WASHINGTON — Long-overdue reauthorization of the landmark Juvenile Justice and Delinquency Prevention Act will be the focus today for a federal committee that advises the Obama administration and congressional lawmakers on juvenile justice matters.
The 13-member Federal Advisory Committee on Juvenile Justice (FACJJ) meeting comes at a time of growing support for a bipartisan measure that is expected to reauthorize JJDPA. However, there are also concerns about steep declines in federal funding for juvenile justice in recent years.
The FACJJ meeting, which goes from 1 p.m. to 4 p.m. EDT via webinar (register by clicking here), also will feature remarks by Robert L. Listenbee Jr., the administrator of the federal Office of Juvenile Justice and Delinquency Prevention (OJJDP).

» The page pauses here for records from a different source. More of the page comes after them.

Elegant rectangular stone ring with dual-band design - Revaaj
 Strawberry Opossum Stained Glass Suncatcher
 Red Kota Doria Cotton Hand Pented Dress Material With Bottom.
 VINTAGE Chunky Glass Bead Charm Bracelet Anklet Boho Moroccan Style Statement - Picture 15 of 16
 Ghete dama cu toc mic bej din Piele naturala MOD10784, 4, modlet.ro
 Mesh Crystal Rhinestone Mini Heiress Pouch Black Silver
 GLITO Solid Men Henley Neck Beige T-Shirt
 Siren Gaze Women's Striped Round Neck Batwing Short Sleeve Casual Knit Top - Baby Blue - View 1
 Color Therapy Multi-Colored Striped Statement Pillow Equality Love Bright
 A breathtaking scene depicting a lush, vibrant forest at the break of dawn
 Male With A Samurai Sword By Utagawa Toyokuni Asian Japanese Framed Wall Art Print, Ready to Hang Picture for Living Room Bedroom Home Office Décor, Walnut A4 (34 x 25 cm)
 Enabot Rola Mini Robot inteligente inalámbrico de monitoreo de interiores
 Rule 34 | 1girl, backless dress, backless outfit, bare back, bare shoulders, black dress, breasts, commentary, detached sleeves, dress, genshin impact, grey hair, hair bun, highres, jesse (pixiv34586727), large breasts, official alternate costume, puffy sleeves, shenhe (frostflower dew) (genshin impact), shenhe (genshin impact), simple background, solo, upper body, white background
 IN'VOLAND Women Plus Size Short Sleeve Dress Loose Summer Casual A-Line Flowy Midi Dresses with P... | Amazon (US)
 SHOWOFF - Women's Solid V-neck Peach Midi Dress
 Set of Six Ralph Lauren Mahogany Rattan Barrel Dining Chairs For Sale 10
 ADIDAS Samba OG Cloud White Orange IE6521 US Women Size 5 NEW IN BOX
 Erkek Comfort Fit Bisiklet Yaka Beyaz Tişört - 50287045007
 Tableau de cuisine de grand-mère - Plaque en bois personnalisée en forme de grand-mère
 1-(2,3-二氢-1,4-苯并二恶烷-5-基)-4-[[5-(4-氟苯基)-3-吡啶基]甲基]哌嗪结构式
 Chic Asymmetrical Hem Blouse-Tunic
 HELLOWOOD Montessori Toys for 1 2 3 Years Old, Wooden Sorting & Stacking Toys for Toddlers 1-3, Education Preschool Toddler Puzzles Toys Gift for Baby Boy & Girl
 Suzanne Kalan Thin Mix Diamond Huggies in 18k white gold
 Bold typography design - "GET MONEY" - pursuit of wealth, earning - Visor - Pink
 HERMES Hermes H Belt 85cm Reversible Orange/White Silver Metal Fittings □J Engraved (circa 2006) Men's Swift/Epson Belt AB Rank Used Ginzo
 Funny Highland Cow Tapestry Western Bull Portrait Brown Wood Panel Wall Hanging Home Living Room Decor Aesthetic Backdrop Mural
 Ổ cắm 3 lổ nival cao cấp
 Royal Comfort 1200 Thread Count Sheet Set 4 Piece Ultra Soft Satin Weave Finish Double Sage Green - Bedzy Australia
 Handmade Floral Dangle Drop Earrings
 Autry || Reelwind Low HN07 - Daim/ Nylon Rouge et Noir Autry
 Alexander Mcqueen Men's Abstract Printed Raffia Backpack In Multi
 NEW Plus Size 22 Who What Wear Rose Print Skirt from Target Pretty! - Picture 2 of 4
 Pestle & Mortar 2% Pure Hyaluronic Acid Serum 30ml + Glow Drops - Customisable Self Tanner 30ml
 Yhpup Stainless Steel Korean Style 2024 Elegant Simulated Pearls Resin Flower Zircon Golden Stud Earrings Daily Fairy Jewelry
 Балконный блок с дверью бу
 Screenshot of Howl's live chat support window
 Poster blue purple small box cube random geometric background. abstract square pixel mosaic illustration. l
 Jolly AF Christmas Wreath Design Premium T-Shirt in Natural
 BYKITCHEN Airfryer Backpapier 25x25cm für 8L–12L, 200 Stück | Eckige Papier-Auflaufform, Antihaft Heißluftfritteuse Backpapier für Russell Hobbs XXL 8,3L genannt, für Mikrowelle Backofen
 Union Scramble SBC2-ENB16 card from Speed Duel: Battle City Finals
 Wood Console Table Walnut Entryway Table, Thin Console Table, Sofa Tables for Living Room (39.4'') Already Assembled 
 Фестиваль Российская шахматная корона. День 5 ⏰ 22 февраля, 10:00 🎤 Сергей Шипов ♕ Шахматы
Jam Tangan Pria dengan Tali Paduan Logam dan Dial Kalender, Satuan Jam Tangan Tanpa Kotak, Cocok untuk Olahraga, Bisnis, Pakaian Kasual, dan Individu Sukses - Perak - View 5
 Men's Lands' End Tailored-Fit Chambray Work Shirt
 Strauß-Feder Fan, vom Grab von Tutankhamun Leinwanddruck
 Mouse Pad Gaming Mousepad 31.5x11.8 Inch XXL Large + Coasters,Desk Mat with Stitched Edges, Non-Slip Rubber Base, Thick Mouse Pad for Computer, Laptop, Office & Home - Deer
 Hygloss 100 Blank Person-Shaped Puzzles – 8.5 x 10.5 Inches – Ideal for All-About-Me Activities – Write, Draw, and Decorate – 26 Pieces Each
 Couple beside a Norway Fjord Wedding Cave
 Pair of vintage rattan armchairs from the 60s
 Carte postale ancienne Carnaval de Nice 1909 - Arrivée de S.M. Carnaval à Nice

The union representing rank-and-file employees of the agency has called for Listenbee’s resignation, citing poor leadership and low morale. And Sen. Charles E. Grassley, R-Iowa, chairman of the Senate Judiciary Committee, has launched an inquiry into whistleblowers’ claims of fraud in awarding OJJDP grants to states that allegedly incarcerated vulnerable children with adults in violation of federal law.
Grassley and Sen. Sheldon Whitehouse, D-R.I., are expected to soon reintroduce a measure to reauthorize JJDPA. Juvenile justice advocates believe it will mirror a version introduced in December, during the last Congress.
The reauthorization measure called for a 2 percent annual increase in spending over each of the five years for which JJDPA would be reauthorized but does not give specifics. President Barack Obama’s juvenile justice budget requests have been slashed in recent years.
Some FACJJ members said strengthened requirements for states in the reauthorization measure would require additional funding to enable the states to comply.
“Keep in mind that as funding goes down, the ability to [comply with JJDPA] gets trickier,” said James Moeser, FACJJ vice chair and deputy director of the Wisconsin Council on Children and Families. “We’ve talked about sufficient funding to fulfill the mission, but to expect all these things and keep cutting money is a problem.”
The reauthorization bill is expected to call for changes to JJDPA “core requirements,” including phasing out exceptions allowing detention of “status offenders” who commit nonviolent offenses like skipping school or possessing alcohol; significantly strengthening a requirement to reduce racial and ethnic disparities in the juvenile justice system; reducing the number of youths placed in adult facilities; offering states incentives for relying less on incarceration, and improving education for incarcerated youths.
FACJJ committee member George W. Timberlake, a retired Illinois judge, said numerous states have been hamstrung by a shortage of federal juvenile justice funds.
“Because many of the states are very small and receive very little money, they cannot do much more than pay for those compliance activities, and that’s short-sighted, I think,” Timberlake said.
“If you have to spend all the funds that you get to see if your state is complying with the four core requirements, then you’re not left with anything to encourage better practice nor to attend to the other needs in your state, and the smallest states get a tiny amount of money.”
As JJIE reported last week, when congressional lawmakers last reauthorized JJDPA, in fiscal year 2002, they appropriated about $547 million for juvenile justice compared with today, when federal spending on juvenile justice totals less than half that amount — about $251 million.